Senate Easily Passes $1.1 Trillion Spending Bill

WASHINGTON (AP) —

Congress sent President Obama a $1.1 trillion spending bill Thursday, easing the harshest effects of last year’s automatic budget cuts.

The Senate voted 72-26 for the measure, which cleared the House a little more than 24 hours earlier. Obama’s signature on the bill was expected in time to prevent any interruption in government funding midnight Saturday.

The huge bill funds every agency of government, pairing increases for NASA and Army Corps of Engineers construction projects with cuts to the Internal Revenue Service and foreign aid. It pays for implementation of Obama’s health care law. Also included is funding for tighter regulations on financial markets.
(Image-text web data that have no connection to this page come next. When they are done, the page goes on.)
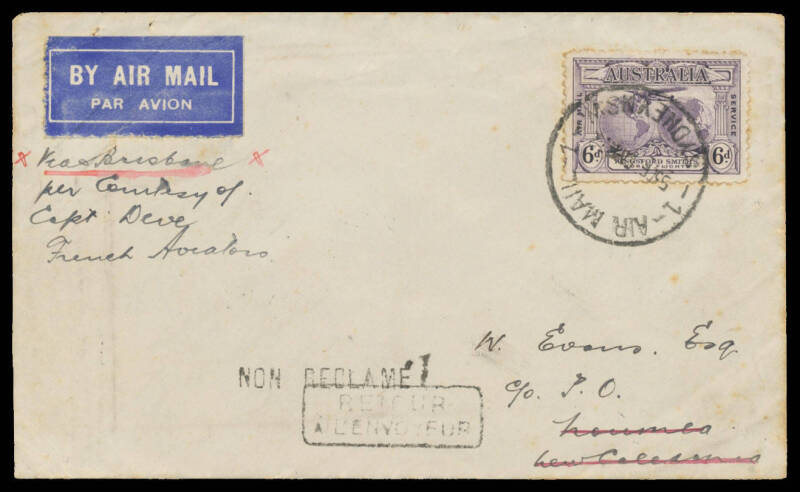 1932 (March 9) France-Australia-New Caledonia #254a intermediate cover to New Caledonia carried by French aviators Baron de Verneilh, ME Deve and E Munch in the Couzinet 33 'Biarritz' endorsed "Via Brisbane/per courtesy/of Capt Deve" with Kingsford Smith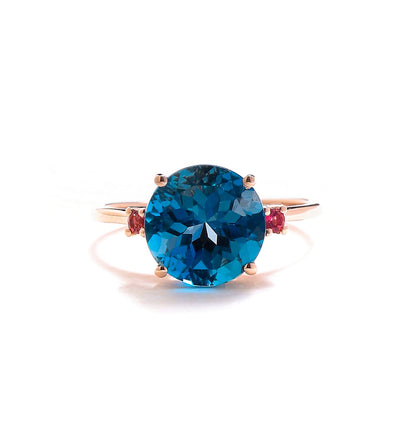 Tiramisu 3.90 Ct London Blue Topaz Pink Tourmaline Solid 10k Rose Gold Ring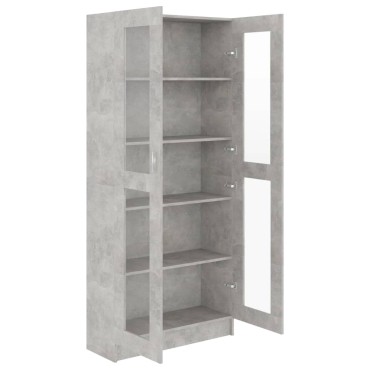 vidaXL Βιτρίνα Γκρι του Σκυροδέματος 82,5x30,5x185,5cm Επεξ. Ξύλο 1 τεμ.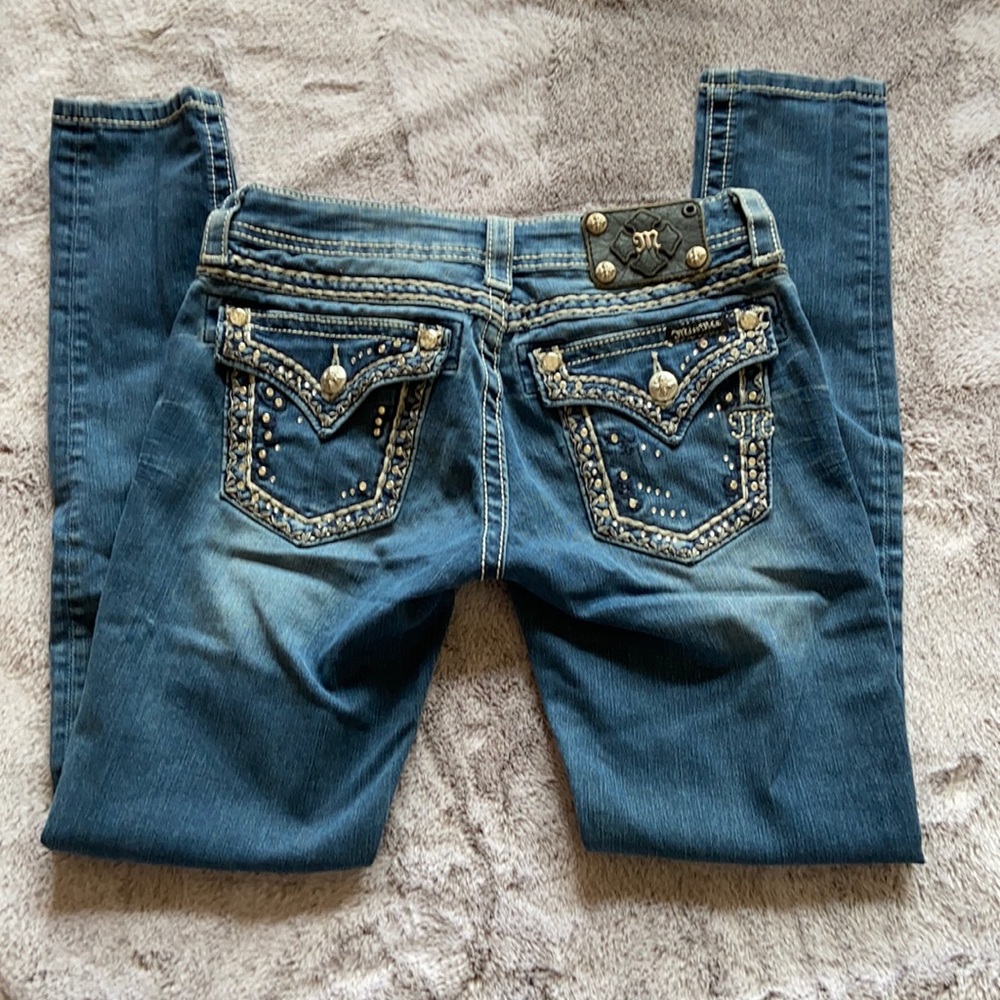 Miss Me Blue Rhinestone Low Rise Skinny Jeans 26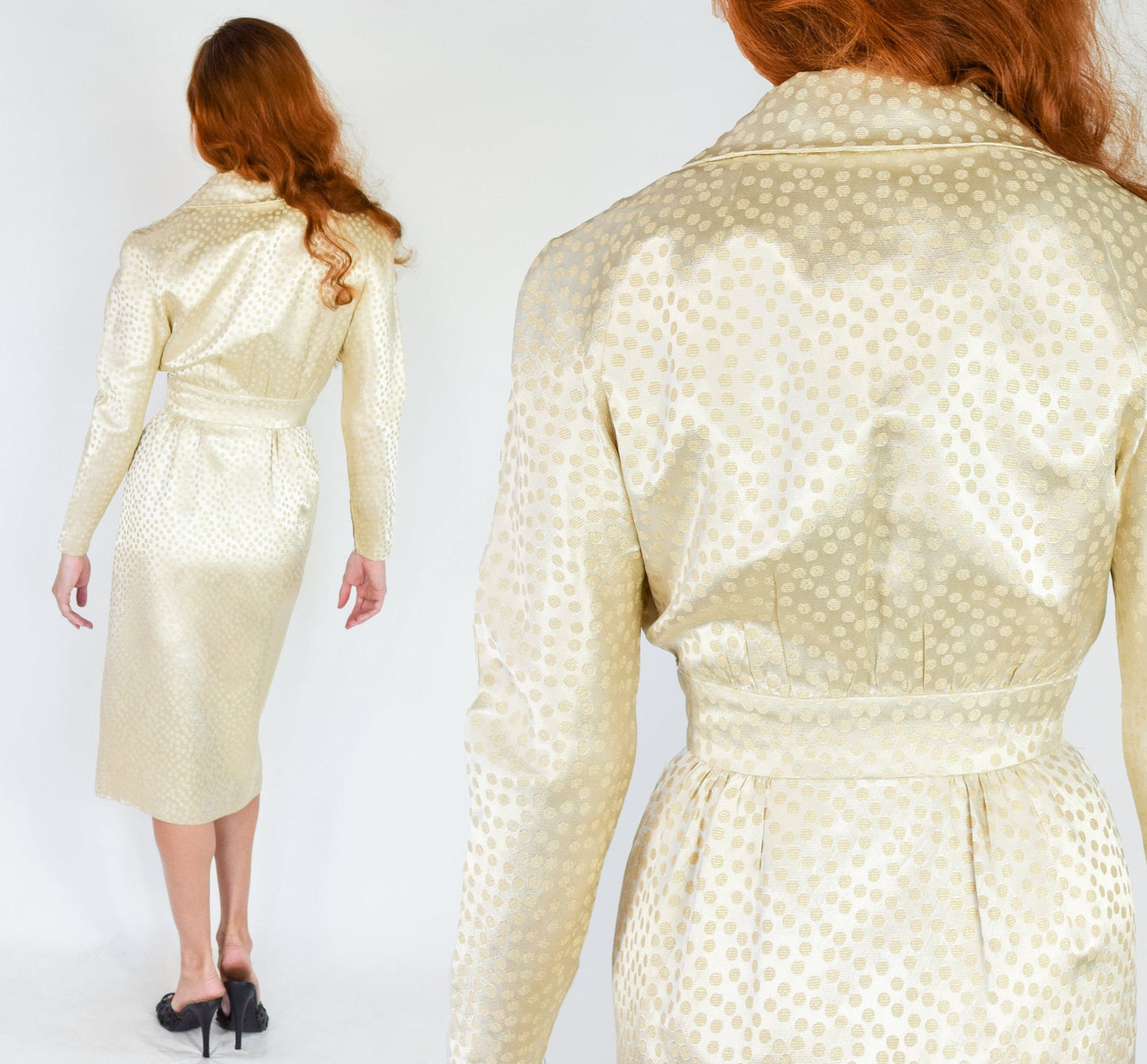 Estevez 1950s Gold Brocade Cocktail Dress, Small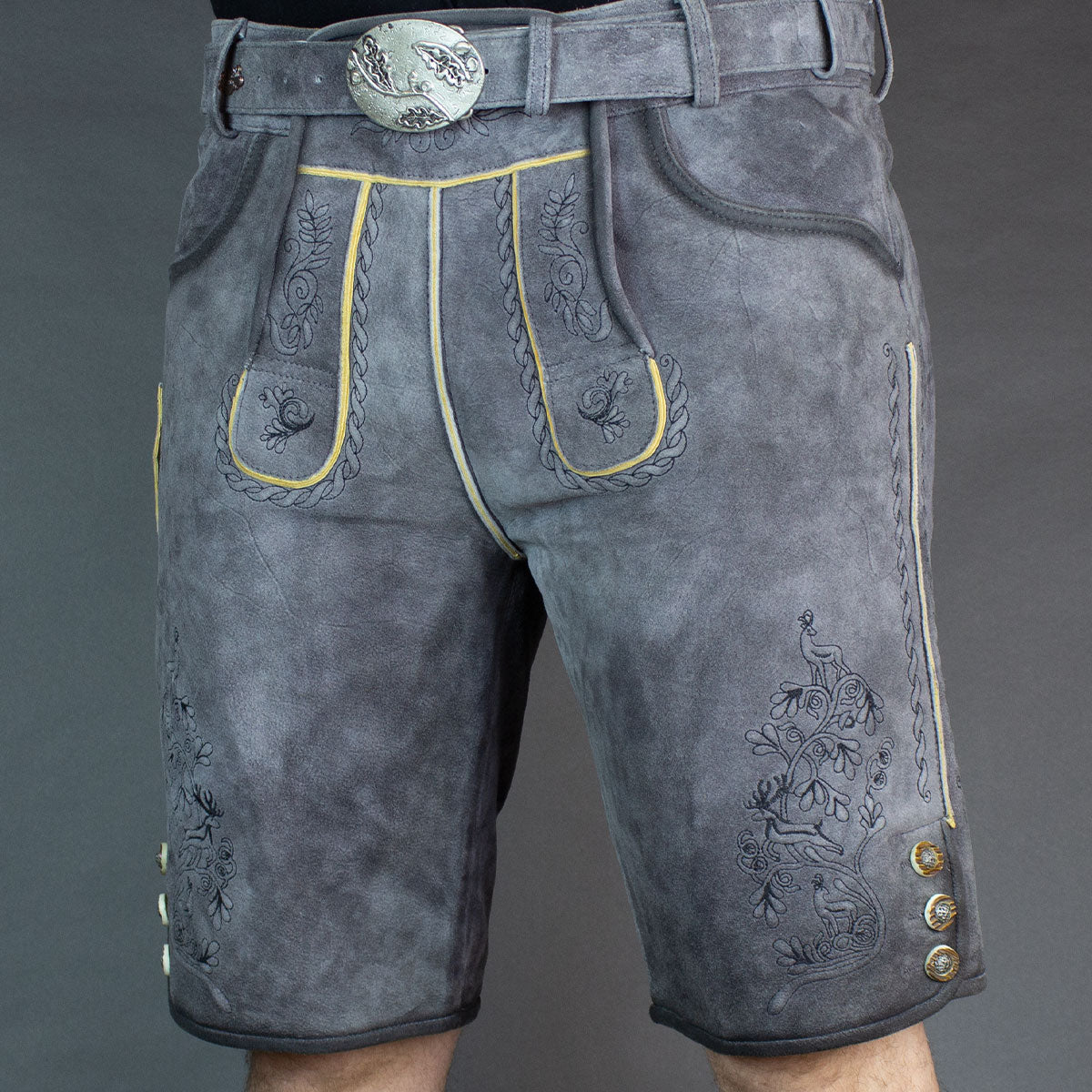 Datschi Trachten Lederhose Karl Dunkelgrau - Datschi Trachten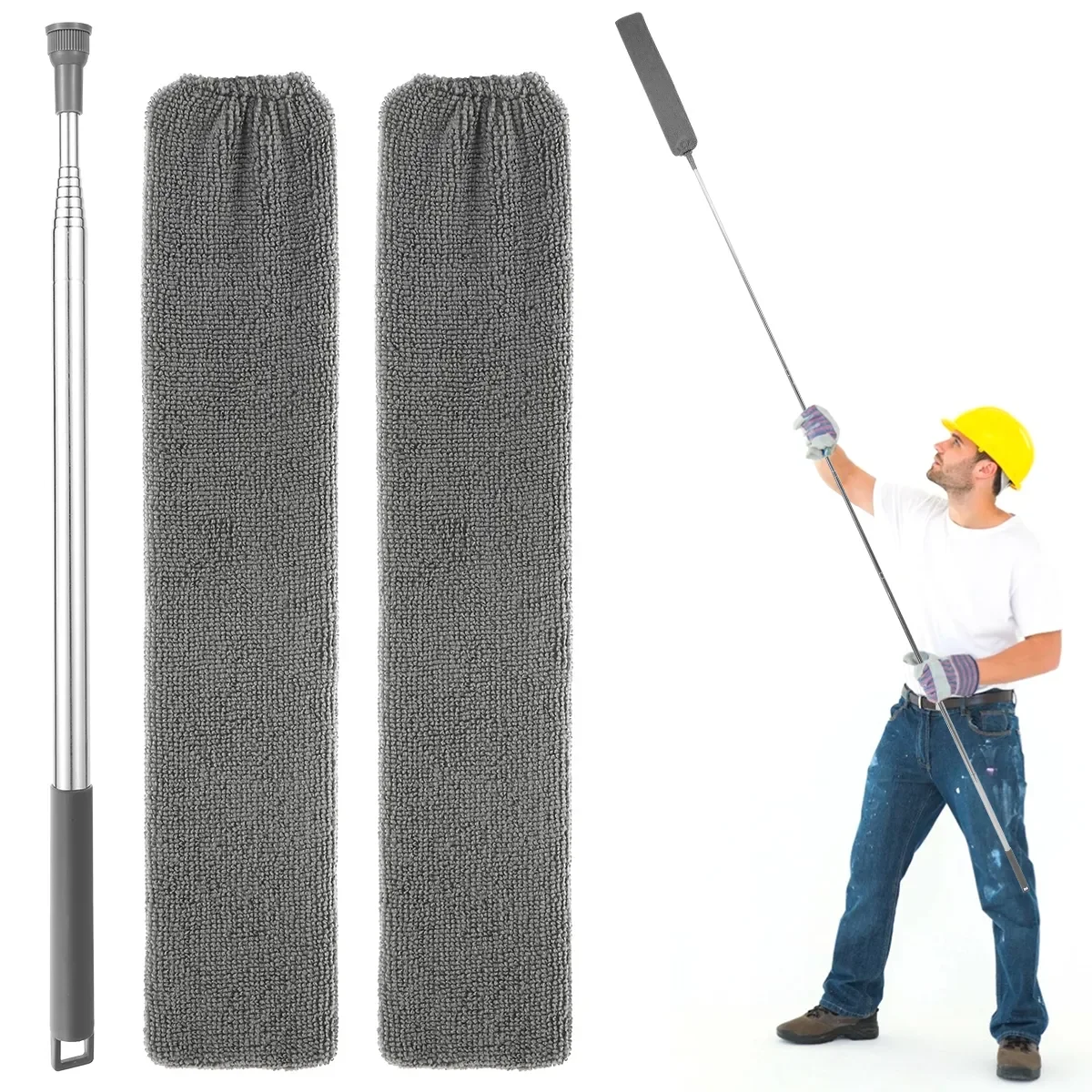 

Cleaning Flexible Long Retractable Microfiber Gap Dust Brush with Extendable Pole, Flat Duster and Cloth Cover for Perfect Clean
The compromise-laden legislation reflects the realities of divided power in Washington and a desire by both Democrats and Republicans for an election-year respite after three years of budget wars that had Congress and the White House lurching from crisis to crisis. All 53 Democrats, two independents and 17 Republicans voted for the bill; the 26 votes against it were Republican.

Shortly before the final vote, Sen. Ted Cruz (R-Texas) delivered a slashing attack on Senate Democrats, accusing them of ignoring the problems caused by the health care law. “It is abundantly clear that millions of Americans are being harmed right now by this failed law,” Cruz said.

The 1582-page bill was really 12 bills in one. Rep. Harold Rogers, (R-Ky.) and Sen. Barbara Mikulski (D-Md.), respective chairmen of the House and Senate Appropriations committees, and their subcommittee lieutenants spent weeks hashing out line-by-line details of a broad two-year budget accord passed in December, the first since 2009.

The bill increases spending by about $26 billion over fiscal 2013, with most of the increase going to domestic programs.

The nuts-and-bolts culture of the appropriators is evident in the bill. Lower costs to replace screening equipment allowed for a cut to the TSA. Lawmakers blocked the USDA from closing six research facilities. The EPA is barred from issuing rules on methane emissions from large livestock operations. Another provision exempts disabled veterans and surviving military spouses from a pension cut.

The National Institutes of Health’s proposed budget of $29.9 billion falls short of the $31 billion budget it won when Democrats controlled Congress. There is a $100 million increase for grants for high-priority transportation infrastructure projects.

Civilian federal workers would get their first pay hike in four years. An additional $1 billion over last year was added to the Head Start early childhood program. A host of conservative policy “riders” were rejected.

Rogers won two provisions backed by the coal industry. One would block the EPA and Corps of Engineers from working on new rules on “fill material” related to the mountain top removal mining. Another would keep the door open for Export-Import Bank financing of coal power plants overseas.